Iteration options used by censlope
Syntax
Percentile slope estimation
censlope ... [, options]
Set default maximum iterations
set maxiter # [, permanently]
options Description ------------------------------------------------------------------------- fromabs(#) initial estimate for absolute magnitude of slopes brackets(#) maximum number of rows for the bracket matrix technique(algorithm_spec) iterative numerical solution technique iterate(#) perform maximum of # iterations; default is iterate(16000) tolerance(#) tolerance for the percentile slopes log display an iteration log of the brackets during bracket convergence nolimits do not calculate confidence limits ------------------------------------------------------------------------- where algorithm_spec is
algorithm [ # [ algorithm [#] ] ... ]
and algorithm is { bisect | regula | ridders }
Description
The censlope command calculates estimates and confidence limits for a median or other percentile slope beta by solving numerically a scalar equation in beta, using an iterative method. The options controlling the exact iterative method will probably not be used often, because censlope is intended to have sensible defaults. However, users who wish to change the default method may do so, using a set of options similar to the maximization options used by Stata maximum likelihood estimation commands.

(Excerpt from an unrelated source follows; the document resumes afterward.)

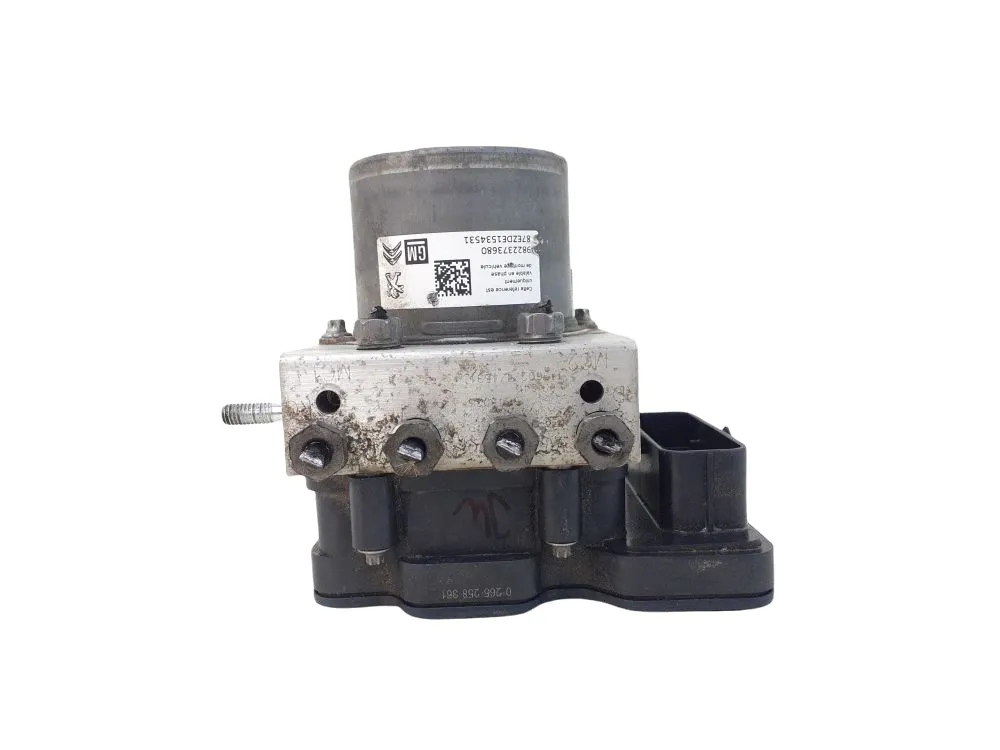 ABS con codice 9822373680 / 026595624 da CITROEN C3 1Â° Serie 1200 Benzina 60 kW / 82 CV con codice motore HM01/HMZ (EB2F) (2017)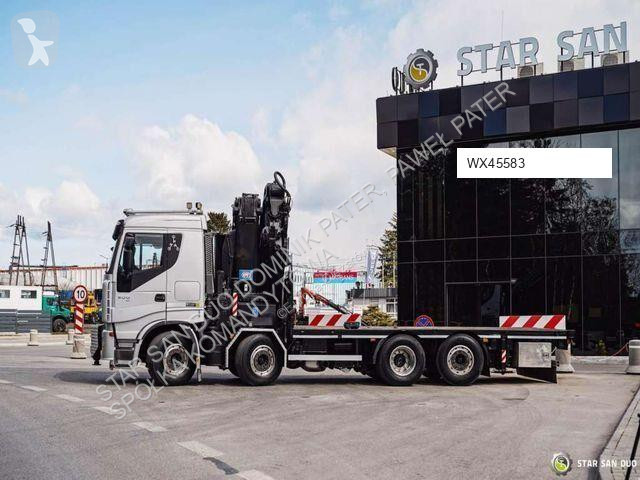 Camion Iveco STRALIS AS320S50Y 8x2 HMF 8520-0K6...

set maxiter specifies the default maximum number of iterations for estimation commands that iterate. The initial value is 16000, and # can be 0 to 16000. To change the maximum number of iterations performed by a particular estimation command, you need not reset maxiter; you can specify the iterate(#) option. When iterate(#) is not specified, the maxiter value is used.
Iteration options
fromabs(#) specifies an initial estimate of the typical absolute magnitude of a percentile slope. If fromabs() is not specified, it defaults to the aspect ratio (ymax-ymin)/(xmax-xmin) (where xmax and xmin are the maximum and minimum X values, and ymax and ymin are the maximum and minimum Y values) if that ratio is defined and nonzero, and to 1 otherwise. This magnitude is used in constructing the bracket matrix. Candidate bracket beta-values will have values of 0 or of +/-fromabs*2^K, where K is a nonnegative integer. The bracket matrix is a matrix with two columns and three or more rows, each row containing a candidate beta-value in column 1 and the corresponding zetastar-value in column 2. It is used to find an initial pair of beta-values for input into the iterative numerical solution method, which attempts to find a solution in beta between the two initial beta-values. The bracket matrix is initialized to have beta-values -fromabs, 0 and +fromabs, and zetastar-values corresponding to these beta-values. If a target zeta-value is outside the range of the zetastar-values of the bracket matrix, then the bracket matrix is extended by adding new rows before the first row by successively doubling the beta-value in the first row, or by adding new rows after the last row by successively doubling the beta-value in the last row, until there is a zetastar-value in the second column on each side of the target zeta-value. For an explanation of this terminology, see Methods below.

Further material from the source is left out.